Another interesting approach is the use of small molecules for differentiation of

stem cells to hepatocytes and for proliferation of hepatocytes in vitro as discussed

by Shan et al. (2013). This involves cultivating iPSCs on matrigel supported by

conditioned media from primary mouse embryonic fibroblasts in the presence of

Activin A and growth factors, where after the small molecules were added 21 days

post cultivation for 9 days. The hepatocyte phenotype that these authors achieve is

encouraging for hPSC-based hepatic models, with high expression of several true

hepatic genes. It will be interesting to see if this or similar protocols can be successfully reproduced in other labs and further developed.

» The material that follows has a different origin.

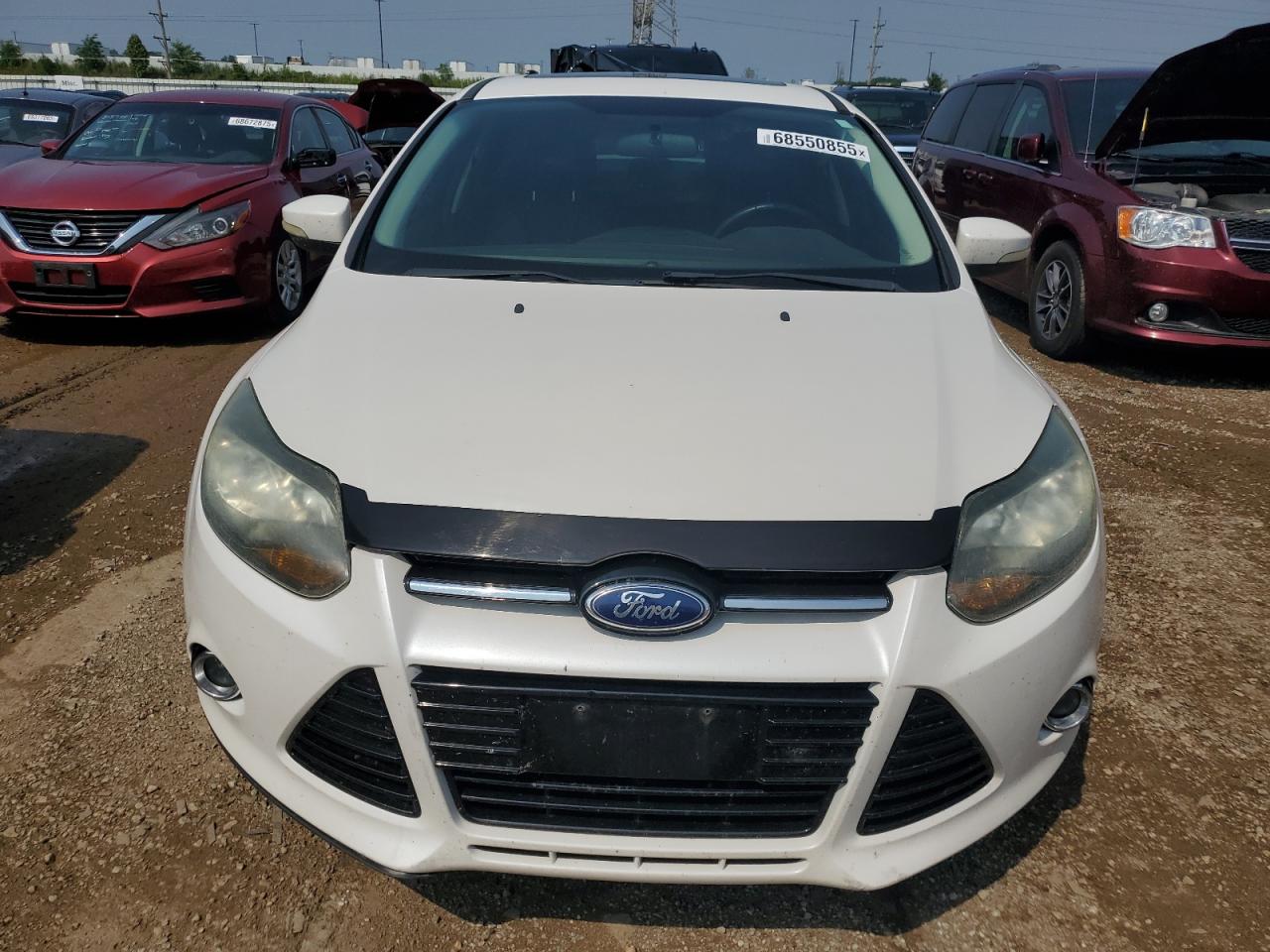 FORD FOCUS TITANIUM
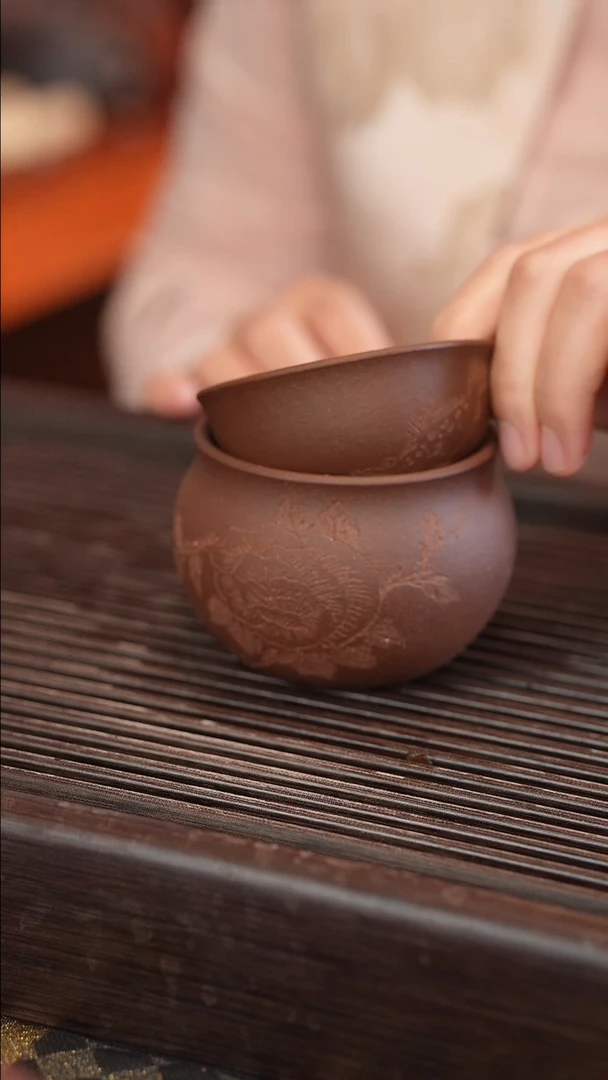 茶壶紫砂22个紫泥雕刻缸杯18目  雕刻随机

In conclusion, we currently have stem cell derived hepatocytes that are relatively

fetal, undifferentiated and not yet of the phenotypic level that can replace human

primary hepatocytes with respect to screening for effects such as drug induced hepatotoxicity. Two novel protocols do indeed generate promising liver functionality of

such cells, but are complicated and labour intensive. We would also like to see these

protocols reproduced in other labs. However, finding of novel key factors for the

differentiation of immature cells into hepatocytes might play an important role for

future development of the field. An interesting aspect in this respect is the simple

overexpression of HNF4α for differentiation of HepaRG cells to generate highly

functional differentiated cells (Chen et al. 2014). Further identification of key

transcription factors and other gene products necessary to activate in the right window of cell differentiation might take this field into a new era.



4.2.3



Development of Human Cardiac Models Derived from Pluripotent

Stem Cells



Recently, the use of hiPSC-derived cardiomyocytes (hiPSC-CM) has increased tremendously in the study of basic cardiac (disease) biology, to assess the effects of

drugs on the heart (efficacy), and to assess possible toxic chemical effects. Recently,

Acimovic and colleagues published a review on the available human pluripotent

stem cell-derived cardiomyocytes as research and therapeutic tools (Acimovic et al.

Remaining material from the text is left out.